#### Problem requirements
Pictures are to be left out; otherwise, copy exactly the lines from the line containing "Apartamento com 101m²" through the end of the data.

────────────────

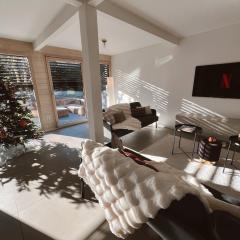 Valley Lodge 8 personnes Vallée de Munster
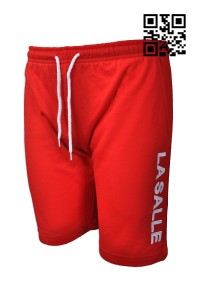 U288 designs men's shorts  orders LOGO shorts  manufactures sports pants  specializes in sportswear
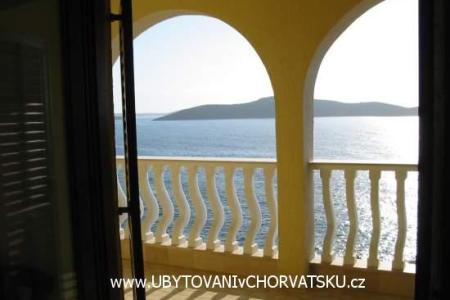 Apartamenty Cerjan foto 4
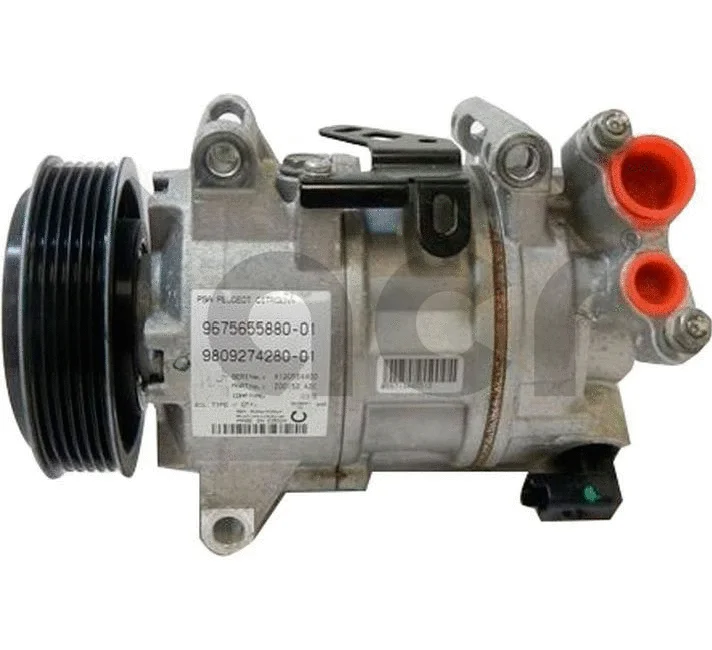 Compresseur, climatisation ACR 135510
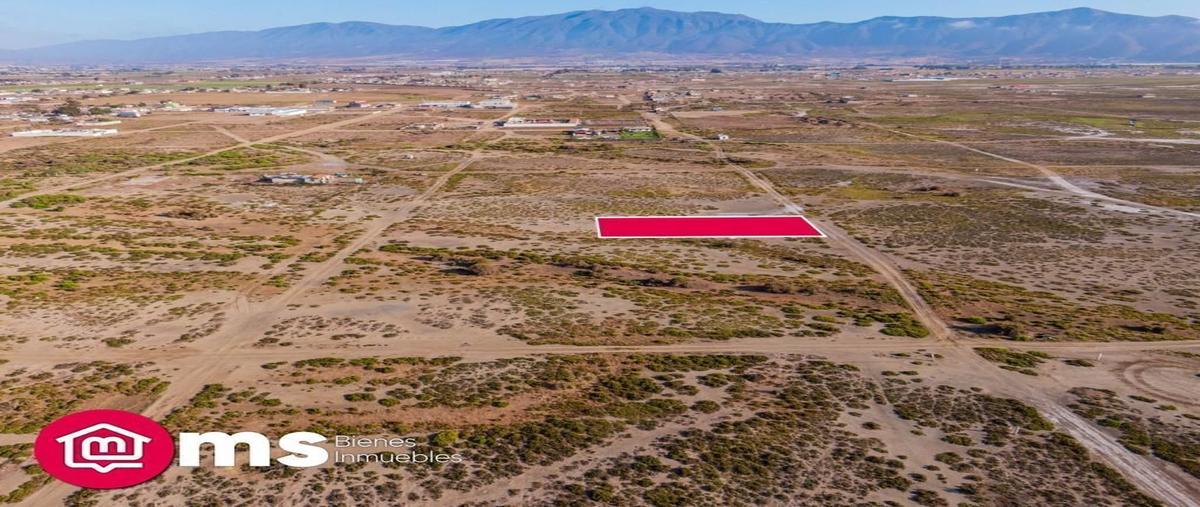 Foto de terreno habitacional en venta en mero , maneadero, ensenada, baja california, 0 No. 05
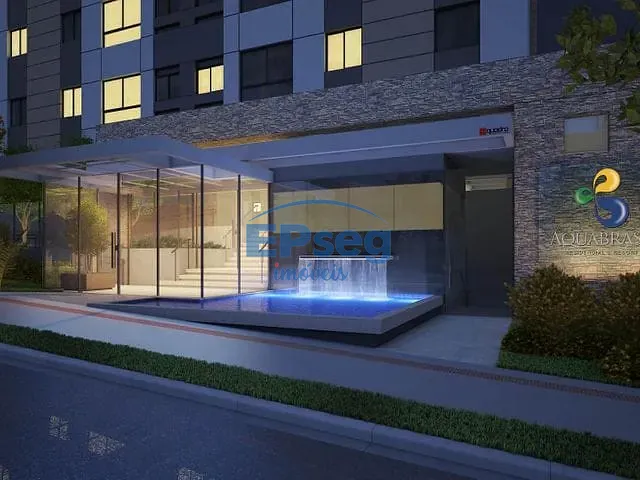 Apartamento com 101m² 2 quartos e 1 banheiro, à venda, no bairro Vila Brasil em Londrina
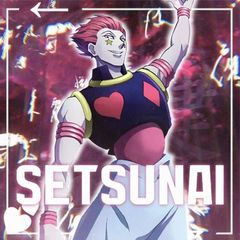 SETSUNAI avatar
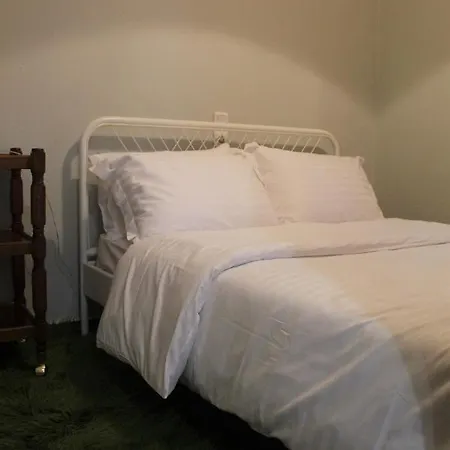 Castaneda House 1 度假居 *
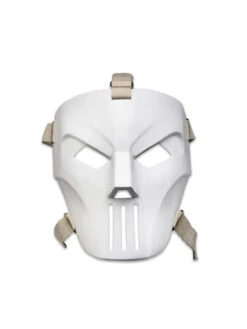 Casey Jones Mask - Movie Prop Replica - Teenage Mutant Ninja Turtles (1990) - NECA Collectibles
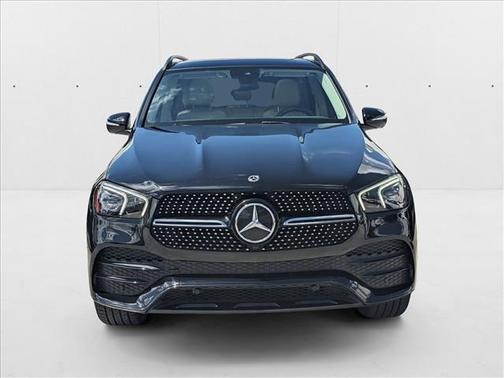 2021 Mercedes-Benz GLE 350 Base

────────────────

#### Answer
 Apartamento com 101m² 2 quartos e 1 banheiro, à venda, no bairro Vila Brasil em Londrina
 SETSUNAI avatar
 Castaneda House 1 度假居 *
 Casey Jones Mask - Movie Prop Replica - Teenage Mutant Ninja Turtles (1990) - NECA Collectibles
 2021 Mercedes-Benz GLE 350 Base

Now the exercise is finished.